Crash and Crime Scene Diagrams Are Obsolete – Right?

Investigators today are being bombarded with talk of point clouds, fly-throughs, animations, orthrectified images, and simulations. Since a crash or crime scene can just be “scanned” and recorded as a point cloud, some sales people will say that’s all an investigator needs to present in court. Just present the jury with a fly-through of the point cloud or show them a simulation and there is no need to create those old-fashioned diagrams any longer, right?

Wrong!

Accurate diagrams are always an important part of any crash or crime scene investigation. Good diagrams of a scene, based on the measurements, help the jury visualize how the scene looked and where all the important objects and evidence were located. In fact, the diagram in a prosecution can be considered a piece of discoverable evidence that must be provided to the opposing attorney. Having precise diagrams can also help the investigating officer give a more confident testimony in court.

Having an accurate diagrams is critical to use in forensic analysis.

Having an accurate diagram is critical to use in forensic analysis.

According to Sergeant Brandel of the Decatur Police Department (Illinois), “It’s important to have high-quality diagrams. It helps the jury to have a better understanding of the scene and the relationship of evidence to the crime. Juries expect detailed physical evidence to be presented from crime scenes.

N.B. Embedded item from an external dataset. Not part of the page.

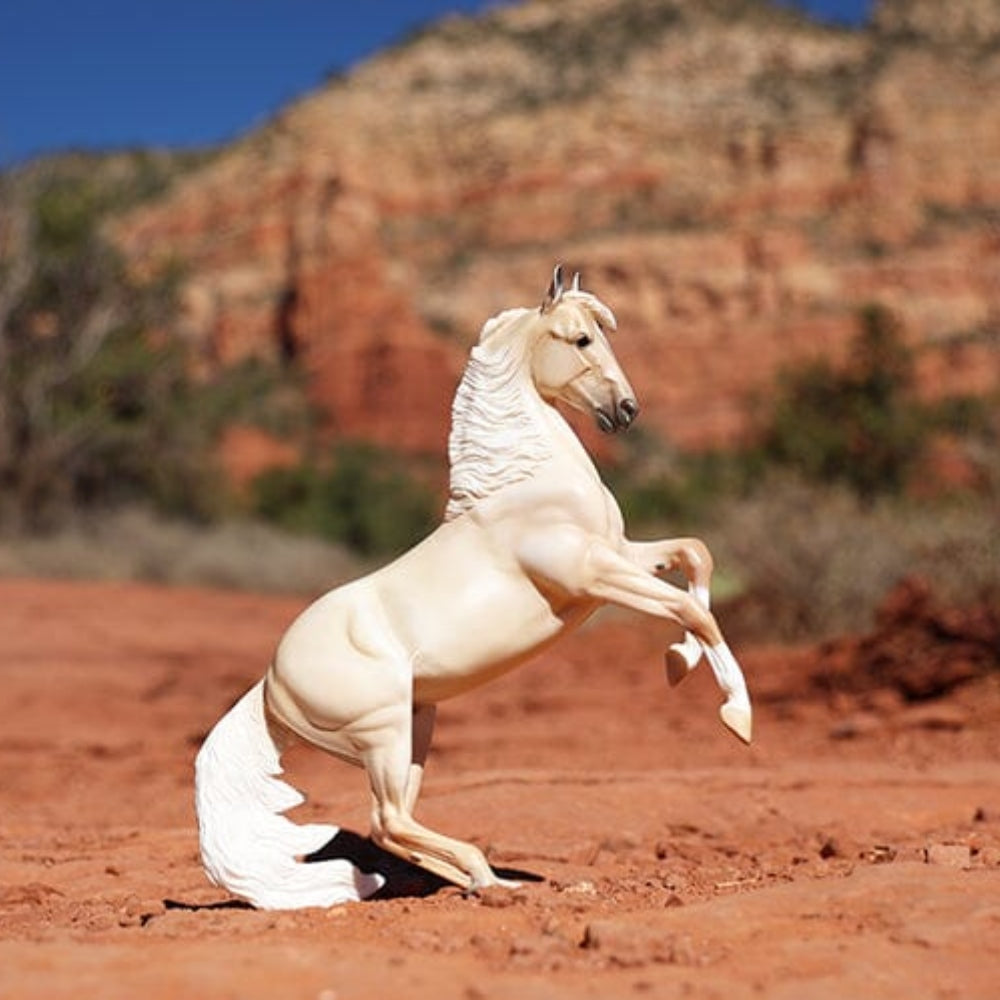 B-TR-10306 Breyer Traditional Cloud Wild Stallion of the Rockies 30th Anniversary Edition Horse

Part of the responsibility to meet their expectations is to provide good-quality diagrams.”(1)

While point clouds offer an impressive snapshot in time, most investigators wonder if is not enough to convince a jury. Bobby Jones, a law enforcement officer and crash reconstructionist in Tennessee for more than 25 years, explains, “Most jurors have little idea what they are looking at when viewing a point cloud alone. The addition of diagrams to accompany point cloud data assists the viewer in a more complete understanding of all the evidence. Diagrams are the only way to illustrate the complex mechanisms of a forensic analysis such as vectors, momentum, time/distance, blood spatter or bullet trajectories, to mention a few.”

In an article published on www.lawofficer.com, Jon Priest, president of the Association for Crime Scene Reconstruction emphasizes the importance of diagrams: “It (the diagram) becomes discoverable because it is something that the defense can use to support or refute what it is they’re arguing, so accuracy is key. The better your equipment, the better your training and skill level, the less likely there will be errors that will present problems for your diagram. If you make a mistake, it will continue on through the various documentation levels, whether it’s a diagram or something else.” (2)

3D Diagrams Contribute to Understanding

As software for 3D diagramming and modeling has become easier to use, investigators are now able to create their own 3D diagrams for court cases. This type of diagram used to only be seen in high-profile cases where a great deal of money could be used to pay an engineering firm to create it.

Steven Petersen, Criminalist for the Canyon County Sheriff’s Office Forensic Services believes that the ability to present jurors with a 3-D diagram is invaluable.  “It gives the jury a better understanding of what’s there (in the crime scene),” Petersen said. “It can show the entire scene all in one picture. And you can walk people through it not necessarily where a suspect or the victim moved, but as they were physically there in the scene where the doors and walls are and where certain critical items of evidence would be.”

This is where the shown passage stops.